#12 Paixão

Uma paragem de autocarro de frente para um café. No segundo andar, três raparigas chinesas, bonitas, ao contrário dos sons que lhes saem da boca


– Ching-chong-fuao-ding-pao


confusos e cheios de tudo e de nada, como o país de onde vêm. Cada uma num sofá, a que está mais perto da janela mexe no cabelo, penteia-o com os dedos. Cantarola a música que ecoa pela sala, um piano a divagar pelo jazz de braço dado com um saxofone.


Barulho, encontrões, estudantes e turistas. Vicente tem os fones nos ouvidos, isolado em si mesmo, à espera do autocarro para casa. Vê a chinesa dos cabelos pela janela do café e apaixona-se. Um autocarro, dois autocarros, três autocarros passam, nenhum é o dele. A vista desimpede-se de novo, mas a rapariga já não está à janela.


É a quinta vez que Vicente se apaixona hoje.

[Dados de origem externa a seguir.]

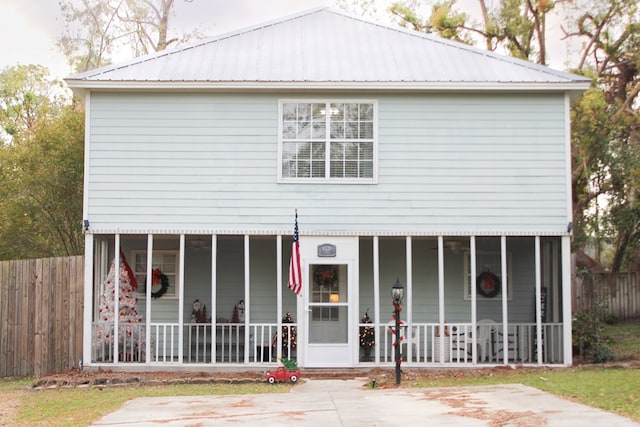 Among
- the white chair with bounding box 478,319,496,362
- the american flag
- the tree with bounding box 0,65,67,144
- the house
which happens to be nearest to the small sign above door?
the house

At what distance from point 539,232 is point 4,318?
34.2 feet

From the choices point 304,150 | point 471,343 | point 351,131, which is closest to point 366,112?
point 351,131

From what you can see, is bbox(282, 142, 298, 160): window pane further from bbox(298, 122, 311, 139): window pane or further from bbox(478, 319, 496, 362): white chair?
bbox(478, 319, 496, 362): white chair

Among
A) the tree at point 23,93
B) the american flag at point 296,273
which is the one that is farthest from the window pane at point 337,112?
the tree at point 23,93

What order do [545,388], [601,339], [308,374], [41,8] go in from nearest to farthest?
[545,388] → [308,374] → [601,339] → [41,8]

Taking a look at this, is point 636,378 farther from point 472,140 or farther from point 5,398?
point 5,398

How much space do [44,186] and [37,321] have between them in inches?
279

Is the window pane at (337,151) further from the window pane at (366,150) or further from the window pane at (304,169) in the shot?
the window pane at (304,169)

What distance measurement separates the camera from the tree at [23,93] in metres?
34.6

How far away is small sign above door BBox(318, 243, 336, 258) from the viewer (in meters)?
15.5

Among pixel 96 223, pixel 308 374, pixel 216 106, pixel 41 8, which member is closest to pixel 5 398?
pixel 96 223

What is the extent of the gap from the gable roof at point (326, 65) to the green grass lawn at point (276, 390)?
5466mm

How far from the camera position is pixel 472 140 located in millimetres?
15602

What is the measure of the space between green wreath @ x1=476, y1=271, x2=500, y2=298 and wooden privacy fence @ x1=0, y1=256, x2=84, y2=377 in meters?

– Tu tens é muito amor para dar


brincam os amigos sem perceber o que está em causa. A loira da tatuagem no pescoço no supermercado. A baixinha das tranças no comboio. A inglesa de sardas na rua. A funcionária da caixa na livraria. A chinesa dos cabelos no café. São cinco rastilhos para um coração em dinamite. Cinco fragmentos de um puzzle de paixões com milhares de peças.


– Viver assim é sufocante


explica-lhes Vicente. E há dias piores, quando chega a ser uma por hora, até mais. Algumas consumam-se, meio caminho andado para acabarem. E logo aparecem outras. É assim desde que namorada o trocou pelo italiano de Génova


– Um deus do amor


dito por ela, não foi ele que inventou, no dia em que se separaram, porque


– Tu nunca te apaixonaste de verdade


insistiu, para não guardar a culpa, que nem é dela mas dos ventos que a levaram ao seu novo deus e que, na cabeça dela, o próprio Vicente soprou. Ele, concentrado na televisão, depressa se apaixonou por uma actriz francesa num filme do canal dois. Desde então foram três mil quatrocentas e noventa e oito vezes que o calor subiu e desceu pelo semáforo do amor, agora verde.

 


Verde é a cor preferida de Catarina. De preferência escuro, como o quarto de onde raramente sai. Uma luz débil num candeeiro de pé. Uma manta sobre as pernas. Uma certeza assumida ao telefone


– Não me apanham outra vez numa destas

e pontuada pela banda sonora de um choro compassado. “Uma destas”, sinónimo de desgosto de amor. A amiga dir-lhe-á


– O homem certo vai aparecer um dia, quando menos esperares, para te fazer feliz. Vais ver


como sempre fazem as amigas, mesmo sabendo que ela pode acabar sozinha. O escuro, o telefone, o choro, a dúvida no meio da certeza. Outra certeza entre a dúvida


– Também não vale a pena chorar mais por ele


que é um frio a gelar o coração para travar a dor. Catarina inunda-se de uma imunidade que veio para ficar. Luz acesa, manta guardada, telefone desligado. É hora de sair à rua.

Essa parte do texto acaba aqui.